A young man spoke with me a few days ago. He’s been having a rough time and he’s at a loss of knowing what to do. He’s not a mountain either. The winds have made quick work of the ways he protects himself and is blowing him around with no anchor to tether to.
As we talked I helped him separate what he could do with what he had to accept. We aren’t mountains. When the winds come billowing we can feel at the mercy of them and to an extent this is true. However, there’s almost always something we can do. We might feel weak compared to the power that’s blowing against us but this doesn’t mean we are powerless.
Firstly we accept the storm, the wind, the hardship and challenge they bring. We cannot stop the wind but accepting it, respecting it, allows us to stop trying to control it. We don’t have that kind of power. Secondly, in the stillness of acceptance, we discover what we can do and we act. We might not be able to do all we want but we do all we can. We can lean into the wind.
Intersections of Life –
On my way to the county jail, there is a long stretch of highway that has only one traffic signal which hangs about midway to the jail. There are flashing lights which tell drivers to prepare to stop. Each time I approach this intersection I begin to look for the flashing lights. I know that if I get past the sign with the flashing lights I don’t have to worry about the traffic signal turning red and having to stop. This afternoon I approached the sign, it never flashed me and I was able to sail on through the traffic light.

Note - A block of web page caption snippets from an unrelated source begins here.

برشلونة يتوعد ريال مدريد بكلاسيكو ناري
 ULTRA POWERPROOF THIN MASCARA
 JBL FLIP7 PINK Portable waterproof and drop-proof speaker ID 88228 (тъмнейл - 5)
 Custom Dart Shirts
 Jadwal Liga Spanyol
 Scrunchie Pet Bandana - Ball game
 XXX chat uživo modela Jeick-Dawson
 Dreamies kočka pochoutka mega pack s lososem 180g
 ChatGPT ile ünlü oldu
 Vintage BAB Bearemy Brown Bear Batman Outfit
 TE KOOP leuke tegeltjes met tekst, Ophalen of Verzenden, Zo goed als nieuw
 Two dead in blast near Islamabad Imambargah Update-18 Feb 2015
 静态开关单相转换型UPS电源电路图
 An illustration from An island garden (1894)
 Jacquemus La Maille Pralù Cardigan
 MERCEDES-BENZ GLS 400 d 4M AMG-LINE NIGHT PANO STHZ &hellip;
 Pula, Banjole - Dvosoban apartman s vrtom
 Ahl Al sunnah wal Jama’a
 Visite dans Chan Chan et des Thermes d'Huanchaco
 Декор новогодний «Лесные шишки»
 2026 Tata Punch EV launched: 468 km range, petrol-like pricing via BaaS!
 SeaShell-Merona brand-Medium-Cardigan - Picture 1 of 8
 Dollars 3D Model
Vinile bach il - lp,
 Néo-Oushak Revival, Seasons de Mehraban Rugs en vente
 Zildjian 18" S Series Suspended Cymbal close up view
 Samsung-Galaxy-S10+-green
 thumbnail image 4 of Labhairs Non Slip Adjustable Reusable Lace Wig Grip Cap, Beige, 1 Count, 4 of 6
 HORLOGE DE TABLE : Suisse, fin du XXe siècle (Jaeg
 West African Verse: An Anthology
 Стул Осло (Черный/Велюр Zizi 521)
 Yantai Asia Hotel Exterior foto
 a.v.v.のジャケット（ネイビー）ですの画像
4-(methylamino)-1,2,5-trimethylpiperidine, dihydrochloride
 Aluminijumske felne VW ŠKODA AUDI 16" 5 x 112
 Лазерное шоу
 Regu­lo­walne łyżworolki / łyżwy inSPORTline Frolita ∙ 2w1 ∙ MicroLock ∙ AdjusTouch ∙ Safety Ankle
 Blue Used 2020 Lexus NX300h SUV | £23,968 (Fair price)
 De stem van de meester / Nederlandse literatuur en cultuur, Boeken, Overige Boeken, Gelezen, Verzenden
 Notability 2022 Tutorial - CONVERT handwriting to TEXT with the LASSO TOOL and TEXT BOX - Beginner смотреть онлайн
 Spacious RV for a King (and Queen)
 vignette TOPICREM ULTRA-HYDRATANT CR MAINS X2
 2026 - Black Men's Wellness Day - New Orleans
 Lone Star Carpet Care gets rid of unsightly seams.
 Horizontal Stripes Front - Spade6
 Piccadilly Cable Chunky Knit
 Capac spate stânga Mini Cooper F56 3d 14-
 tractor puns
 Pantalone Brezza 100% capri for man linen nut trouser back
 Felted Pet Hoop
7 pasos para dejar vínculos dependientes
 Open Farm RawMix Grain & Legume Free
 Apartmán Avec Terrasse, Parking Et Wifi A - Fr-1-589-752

After finishing my class at the jail I had to run and errand and I turned on the road which would take me to my destination. It wasn’t long before some flashing lights caught my attention. They were warning me of construction ahead and to be ready for delays. It only seemed like forever until I was able to make it through this particular intersection.
It seems the road of life has a way of balancing out. For every unexpected joy, there is sorrow. For unplanned blessings there are hardships. For every intersection you sail through another one will take and test your patience.
The secret isn’t figuring out how to hit all the lights green, non-flashing, but to accept both with equal measure. It’s not an easy discipline to learn but one which will relieve much suffering.